Rio Tinto’s (ASX, LON:RIO) Chris Welton said the London and New York-listed mega-miner is scoping out British Columbia, Canada for a copper play.
“We would like to be exploring in BC but we just need to find the right project. My exploration manager reminds me that to balance our portfolio in Canada, he wants a BC porphyry,” said Welton, Rio’s exploration director, the Americas region, responsible for “delivery of growth options through early stage greenfields exploration, brownfields exploration, advanced project execution and support for project acquisition throughout North and South America,” states his bio.
Welton was speaking at the opening ceremony of AMEBC’s 2019 Roundup, running Monday to Thursday at the Pan Pacific Hotel in Vancouver.
Porphyry deposits are sought after because they are usually low grade and large-scale, allowing for bulk mining and economies of scale. Copper porphyries typically contain 100 million to 5 billion tonnes of ore with grades between 0.2% and 1% copper. Rio Tinto’s Bingham Canyon Mine in Utah produces an annual 300,000 tons of copper.

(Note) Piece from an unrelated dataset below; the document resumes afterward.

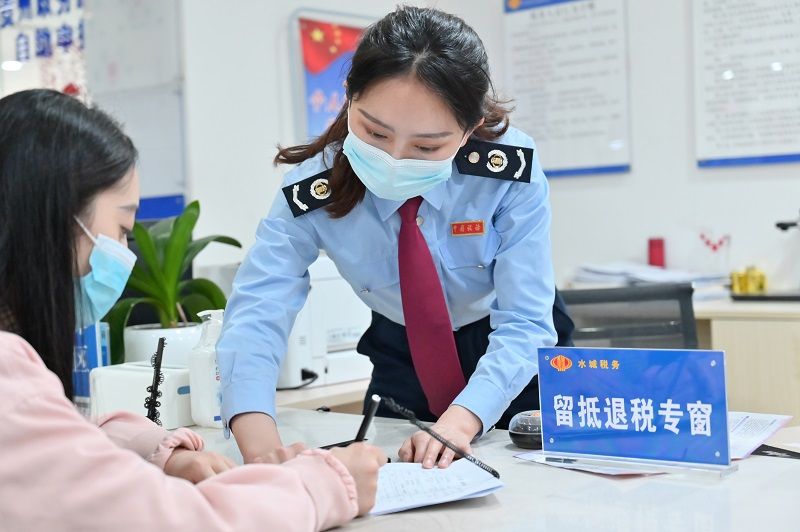 水城区税务局窗口工作人员正在辅导纳税人填写资料。（张定国摄）.jpg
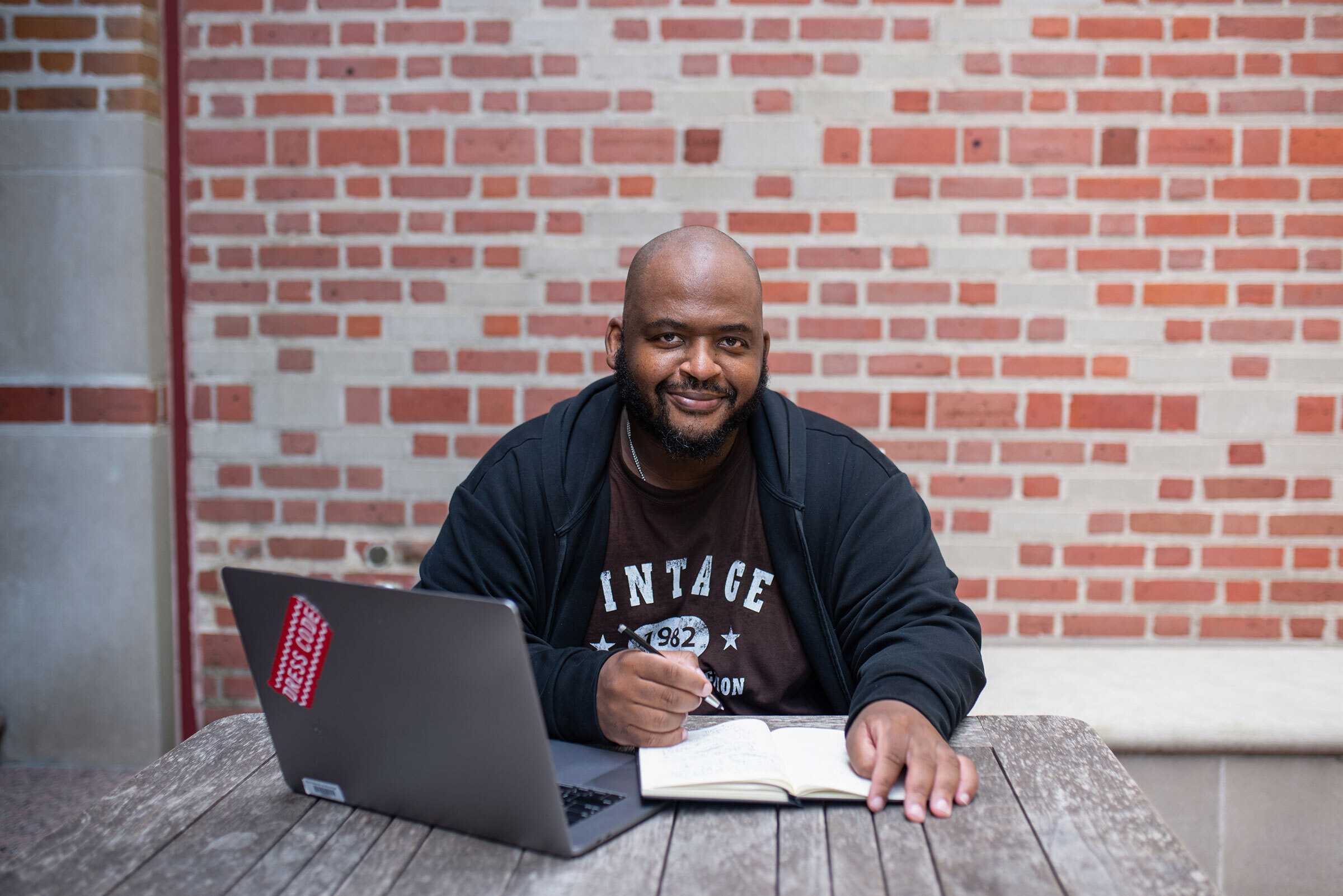 Color photograph of writer Kiese Laymon seated at a table with an open book and computer.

They are formed where one tectonic plate slips under another, pushing up magma. Metals precipitate out as the magma cools. Gold, copper, molybdenum, silver and lead are among the metals found in porphyries.
Some of BC’s largest copper and gold deposits are porphyries, including the Highland Valley Copper Mine, KSM, Prosperity and New Afton.
As part of his presentation, Welton gave some interesting advice to exploration companies hoping to attract the interest of a major mining company like Rio Tinto.
The company’s exploration arm, known as RTX, dedicates about half of its global exploration budget to copper, with the rest focused on eight commodities in 16 countries.
The 24-year Rio veteran said that contrary to popular belief, despite being a large company, Rio Tinto has a limited exploration budget.
“If we keep the budget tight, keep the teams lean, and focus those now-scarce resources, and valued resources, on only the very best opportunities, this will make sure that as much of the budget as possible goes in the ground, and it will force the geologists or the exploration manager to only test those targets they believe will deliver results. Only then can we improve discovery rates,” he said.
Another important point: Juniors need to be thinking ahead. Way ahead. Welton noted that a greenfield program typically will take 15 years to make a discovery, and another 10 to 15 years to progress the discovery into a mine.
“Our portfolio today will be delivering metals and minerals to the market in 15 to 25 years time. As explorationists can we predict what the world will want in 15 years?” He gave the example of Rio’s Jadar lithium borate project in Serbia. Preliminary exploration took place in 1998, it wasn’t until 2004 that a discovery hole was drilled, and it took another four years until a JORC-compliant resource estimate was published.
“So we’re 14 years and counting since the discovery. Who could predict the hype around EVs (electric vehicles) and therefore the lithium sector eight years ago?”
To conclude, Welton addressed the question everyone in the audience wanted the answer to: What does a major mining company like Rio Tinto look for in a junior resource firm?
“Our focus is on optionality and upside,” Welton said, adding the company is “not interested in kicking tires or using project reviews to acquire data. We’re reviewing the project because we want to understand if we can add value to progress it.”
He also dismissed a common perception that a major wants to “squeeze the discover out of the project,” noting Rio is generally more interested in projects than companies.
“We rarely want to make placement in companies as you end up with two different parties with different priorities and that makes for conflict in the relationship,” he said. “Initially we seek to put as much money in the ground as possible.”